Here he was, standing on a concrete slab installed the previous day by Canada Post. The press had been summoned to witness the live destruction of the platform, "illegally" built on the fringe of a "nature park."

A few hours earlier, in an angry press conference, the mayor once again blasted the "arrogance" of the federal Crown corporation for its "savage" installation of community mailboxes. Mr. Coderre expressed over and over his opposition to the end of home mail delivery. This concrete slab in a nice park, conveniently laid just as the federal election campaign started to roll, was something he could build on, so to speak.

"What are you going to do, Mr. Coderre?" asked the reporters at City Hall. After all, Canada Post has every right to install those boxes and needs no permission.

According to journalists, it looked like the mayor suddenly had a flash.

"Just watch me!" replied the former Liberal member of Parliament, in a Trudeauesque moment.

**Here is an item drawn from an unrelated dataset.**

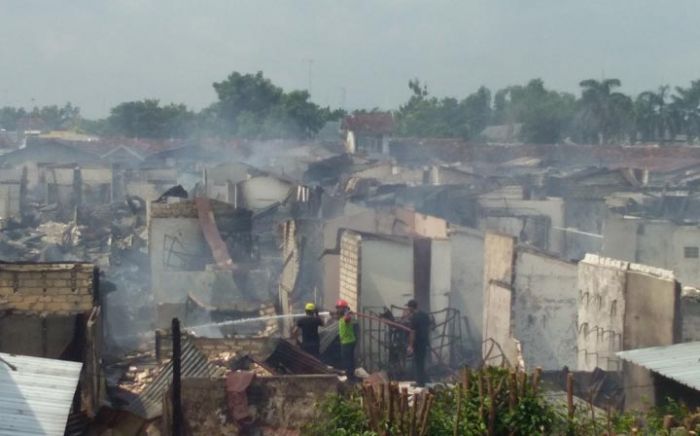 Pasar Baru Tuban Terbakar, Pendataan Sementara 1.942 Kios dan 600 Los Hangus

So a couple of hours later, television crews and all available media in the city were there to broadcast the Great Removal by the mayor. Mr. Coderre was all dressed up as a blue-collar city worker, complete with safety goggles, helmet, fluorescent jacket, a pneumatic hammer between his steel-toed boots, while two city supervisors nervously watched over his shoulders.

"Okay, got enough, guys?" he asked the photographers after a bit of awkward drilling.

"A little more please," they asked of Mr. Coderre, who was only too happy to oblige.

It was a good bit of fun and, since a vast majority of citizens oppose these boxes, the mayor became the hero of the day.

But reports began to surface of citizens "inspired" by the mayoral gesture. One taxpayer decided to stage a "sit-in" in a hole made by Canada Post in front of her house. She had to be taken away by the police.

"I didn't cross the line that much," Mr. Coderre said the next day. He nonetheless asked citizens not to imitate him, that his gesture was "symbolic" and that he was in charge of the situation.

Symbolic? Well, not more symbolic than the storming of City Hall last year by Montreal's unionized firemen. They too protested against the "arrogance" of the city, which, according to them, refused to hear their claims about pending provincial pension reform.

Mr. Coderre, at the time, was furious. Windows were broken, papers were thrown all over City Hall, the meeting of council was interrupted and the mayor was forced into his office for several minutes. A total of 57 firefighters were suspended and six were later fired. The union is fighting against new pension rules that it says amount to "stealing."

Not surprisingly, the union was not impressed with Mr. Coderre's concrete drilling. "It is quite outrageous that, on the one hand, he finds it okay to commit a mischief when he disagrees with Canada Post, and on the other hand, he says it is terrible when we do it," union president Ronald Martin said.

Isn't a mayor supposed to set the example by acting according to the law? What if Canada Post complains, as the law allows? Why would Montreal police not investigate?

Jackhammer populism is on the rise. But it's a slippery kind of politics.